> [YOUR INSTRUCTIONS]: Only the stretch below from the line holding "Sporty & Rich" through the line holding "Moose Cabin Dancing" should be restated, word for word and with both ends included; pictures stay out.

> [RECORD EXTRACTS]:
####

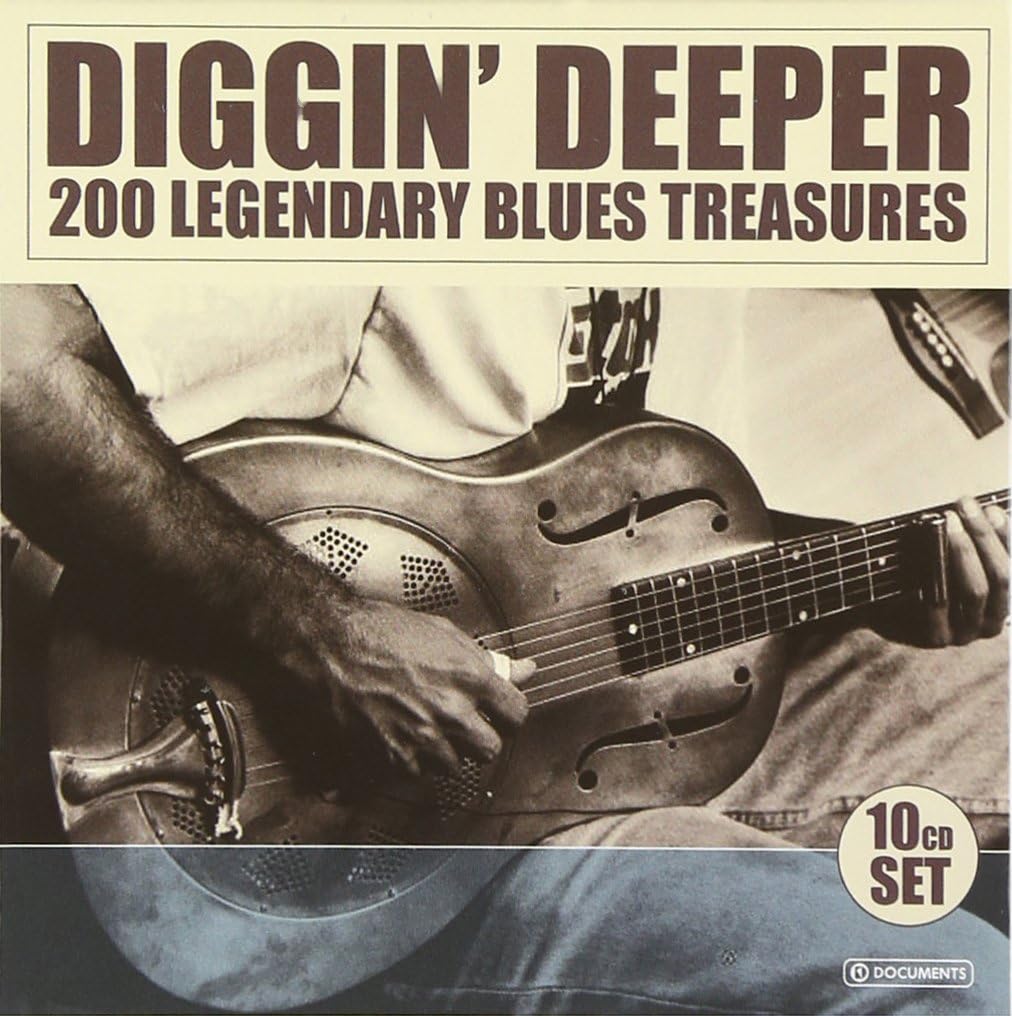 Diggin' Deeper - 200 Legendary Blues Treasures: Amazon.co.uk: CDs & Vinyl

####

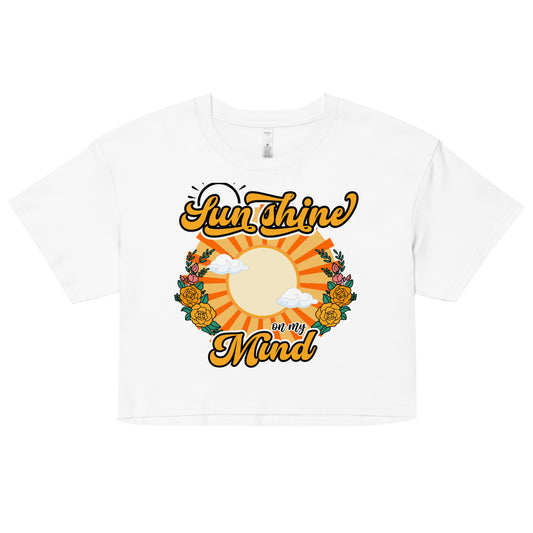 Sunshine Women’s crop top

####

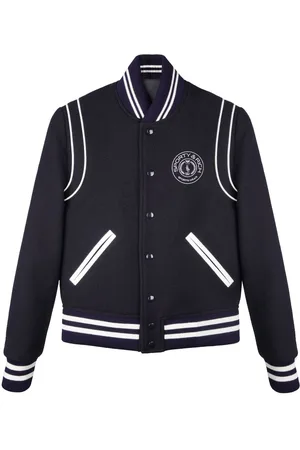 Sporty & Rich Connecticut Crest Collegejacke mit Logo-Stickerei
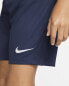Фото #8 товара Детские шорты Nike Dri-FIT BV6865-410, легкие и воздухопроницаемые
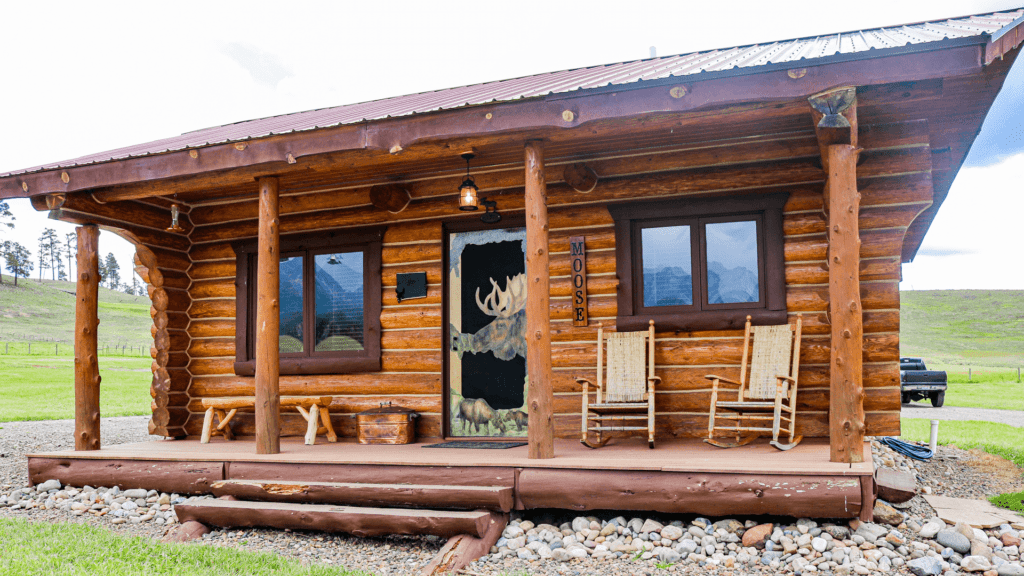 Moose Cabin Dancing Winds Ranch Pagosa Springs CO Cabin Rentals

####

> [TASK OUTPUT]:
 Sporty & Rich Connecticut Crest Collegejacke mit Logo-Stickerei
Фото #8 товара Детские шорты Nike Dri-FIT BV6865-410, легкие и воздухопроницаемые
 Moose Cabin Dancing Winds Ranch Pagosa Springs CO Cabin Rentals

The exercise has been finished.